### About this exercise
Reproduction of part of the material below, pictures omitted: copy exactly, and only, the lines starting with the one with "Splash of water" and going on through the one with "Po raz dziewiąty".

### Records for this exercise
= Beginning of Section =
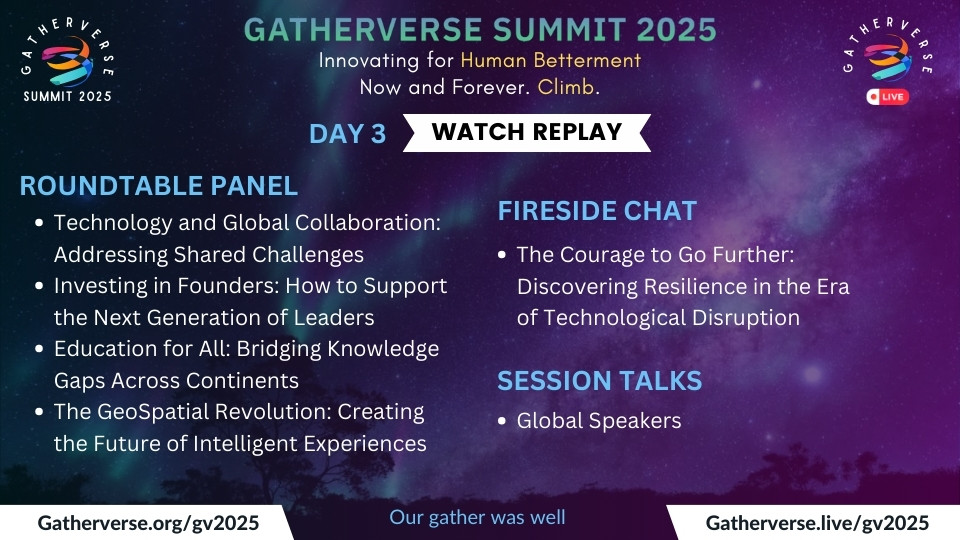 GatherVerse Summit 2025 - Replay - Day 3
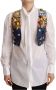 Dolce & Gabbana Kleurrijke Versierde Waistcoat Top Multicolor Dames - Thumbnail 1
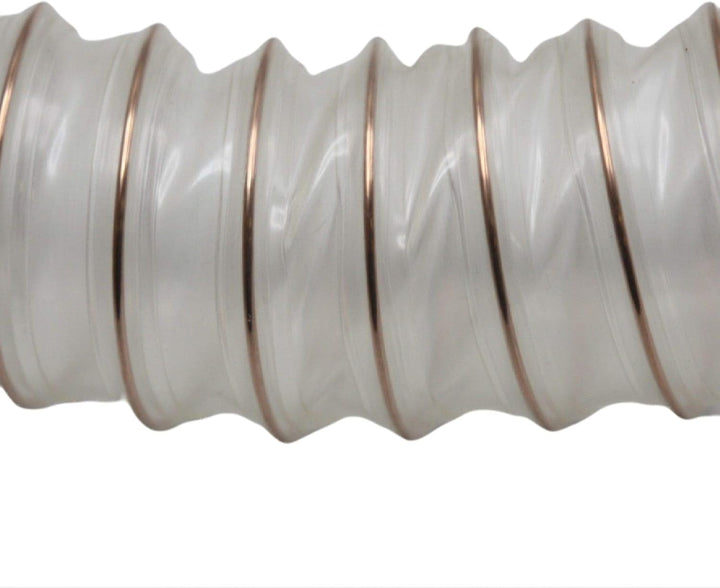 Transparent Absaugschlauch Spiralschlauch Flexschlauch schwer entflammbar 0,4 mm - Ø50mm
= End of Section =
= Beginning of Section =
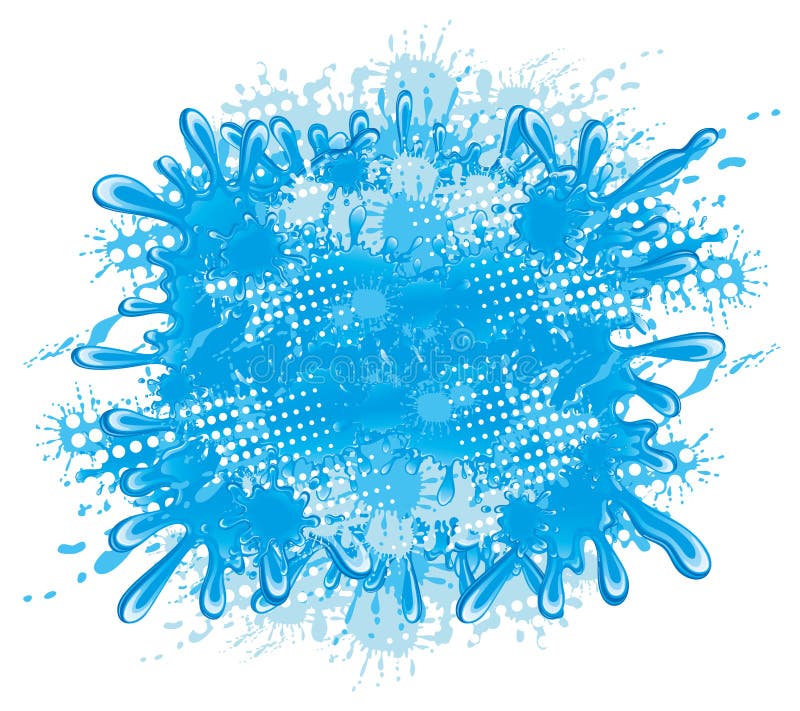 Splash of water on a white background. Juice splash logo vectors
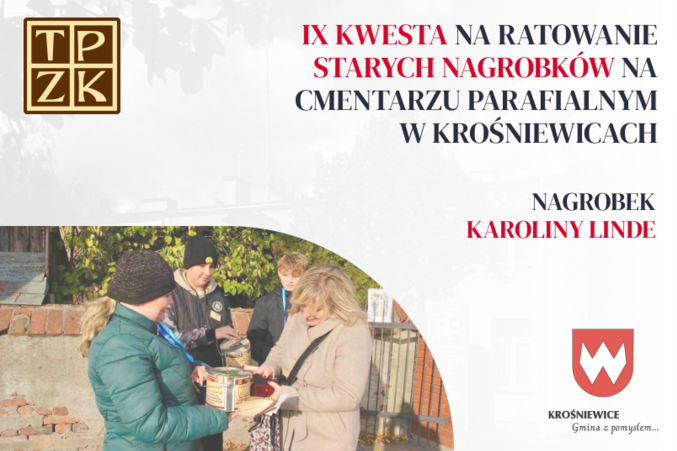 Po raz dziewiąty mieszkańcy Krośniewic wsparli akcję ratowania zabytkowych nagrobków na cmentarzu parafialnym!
= End of Section =
### Response to the task
 Splash of water on a white background. Juice splash logo vectors
 Po raz dziewiąty mieszkańcy Krośniewic wsparli akcję ratowania zabytkowych nagrobków na cmentarzu parafialnym!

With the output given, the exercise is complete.